Print only the lines below from the one with "Jean Noir Strié" to the one with "VOLVO XC40 B4 INSCRIPTION", both included, exactly as they stand. Leave pictures out.

Segment Start: Exercise input

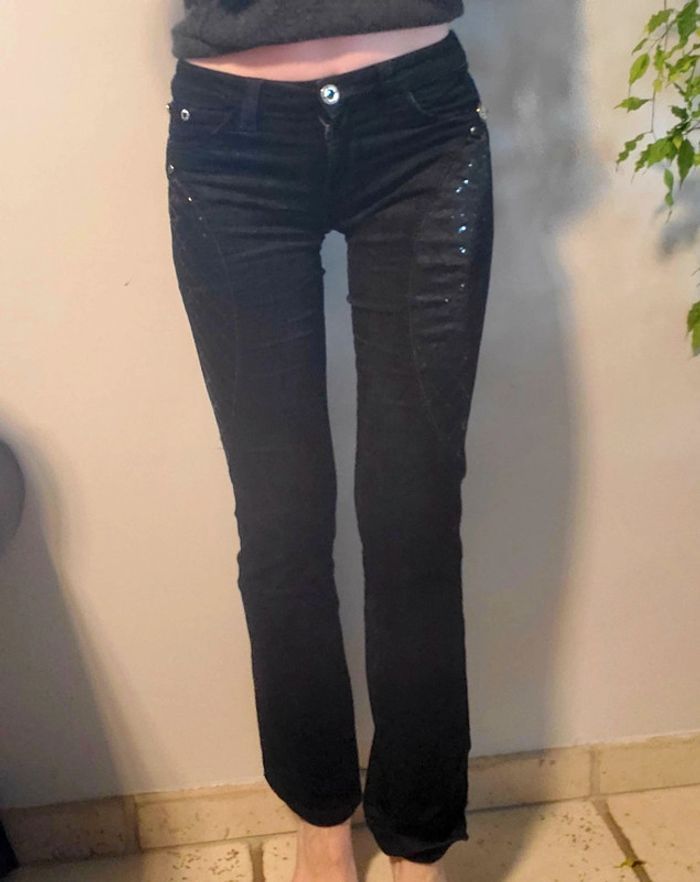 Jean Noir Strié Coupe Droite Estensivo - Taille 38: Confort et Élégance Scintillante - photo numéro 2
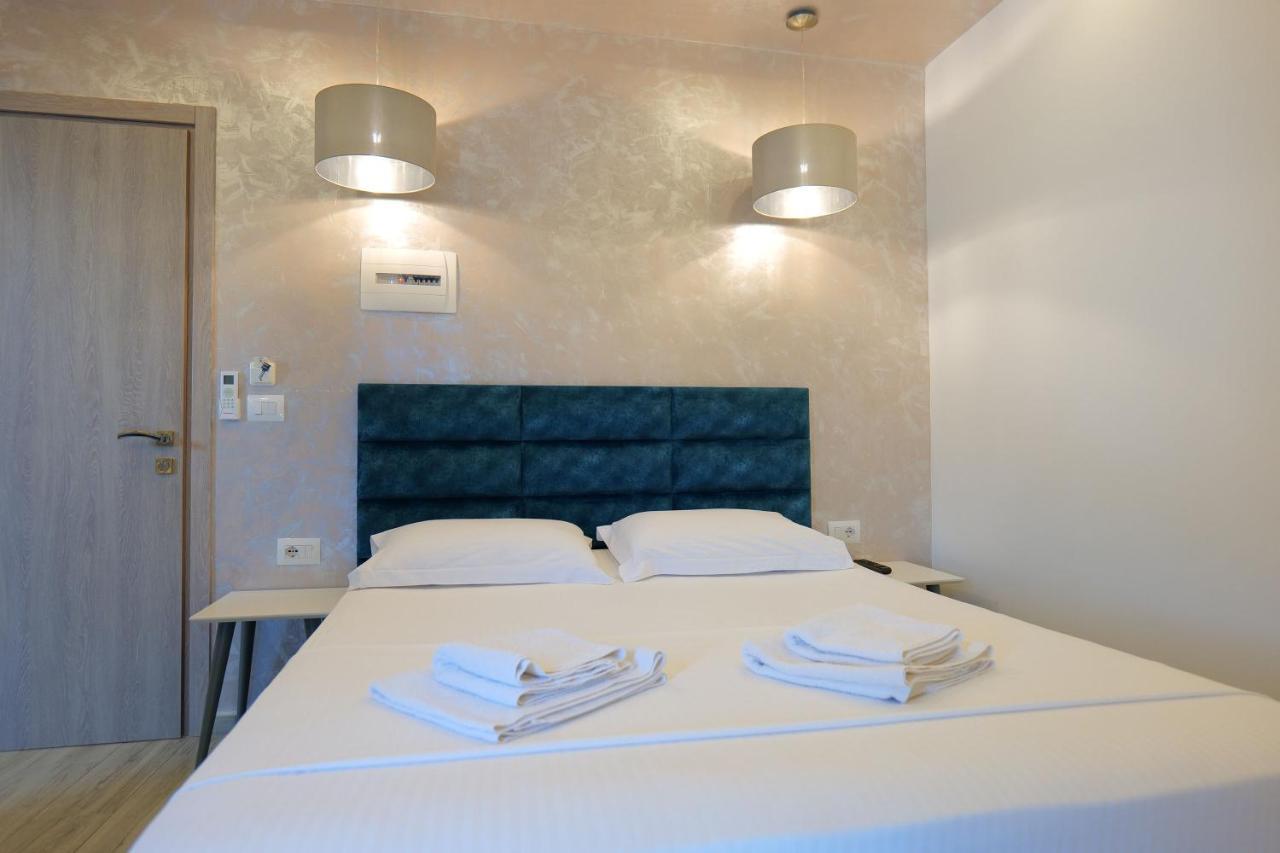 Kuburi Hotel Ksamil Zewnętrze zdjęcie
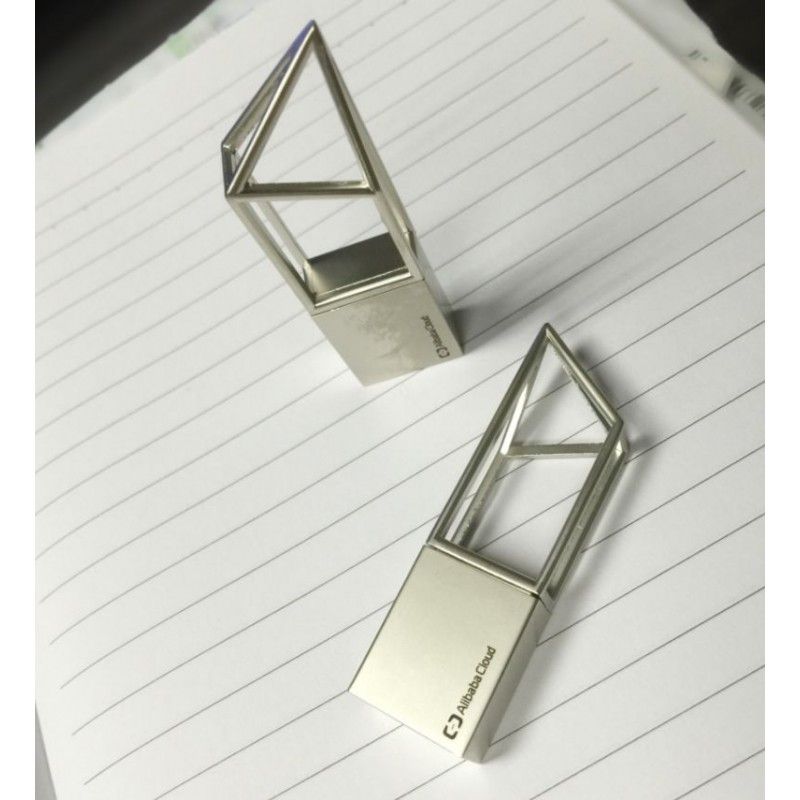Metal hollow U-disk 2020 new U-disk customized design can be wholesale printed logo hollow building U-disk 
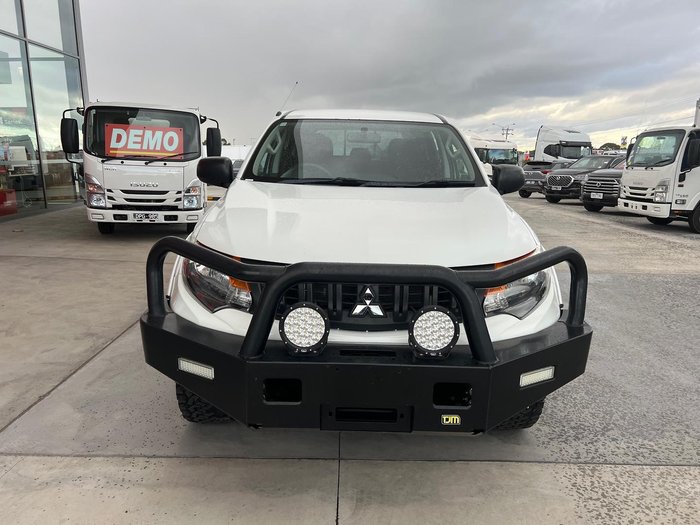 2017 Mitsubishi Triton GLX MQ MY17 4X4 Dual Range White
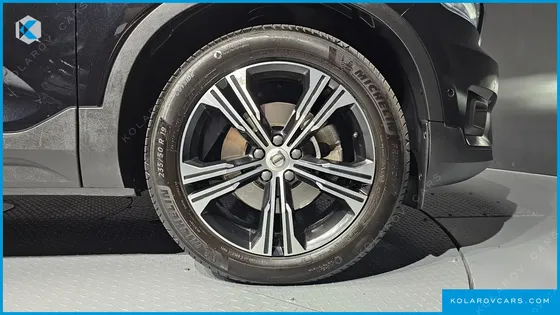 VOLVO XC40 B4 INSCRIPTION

Segment End: Exercise input
Segment Start: Exercise input

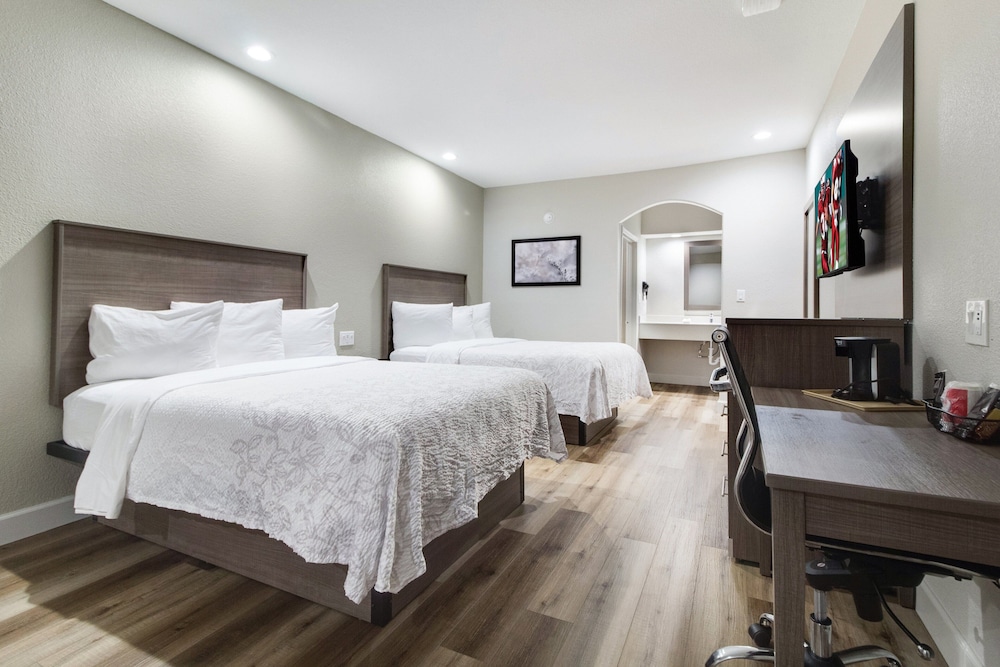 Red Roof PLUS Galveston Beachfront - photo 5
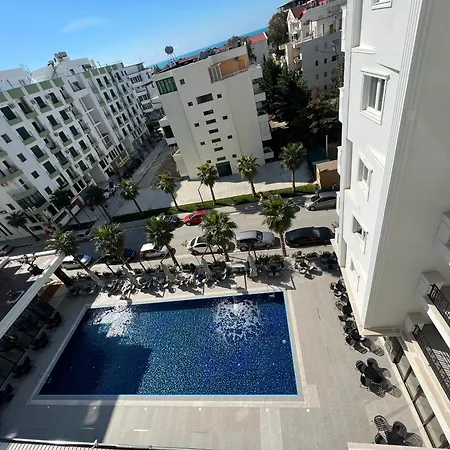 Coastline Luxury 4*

Segment End: Exercise input

> _Exercise response_
 Jean Noir Strié Coupe Droite Estensivo - Taille 38: Confort et Élégance Scintillante - photo numéro 2
 Kuburi Hotel Ksamil Zewnętrze zdjęcie
Metal hollow U-disk 2020 new U-disk customized design can be wholesale printed logo hollow building U-disk 
 2017 Mitsubishi Triton GLX MQ MY17 4X4 Dual Range White
 VOLVO XC40 B4 INSCRIPTION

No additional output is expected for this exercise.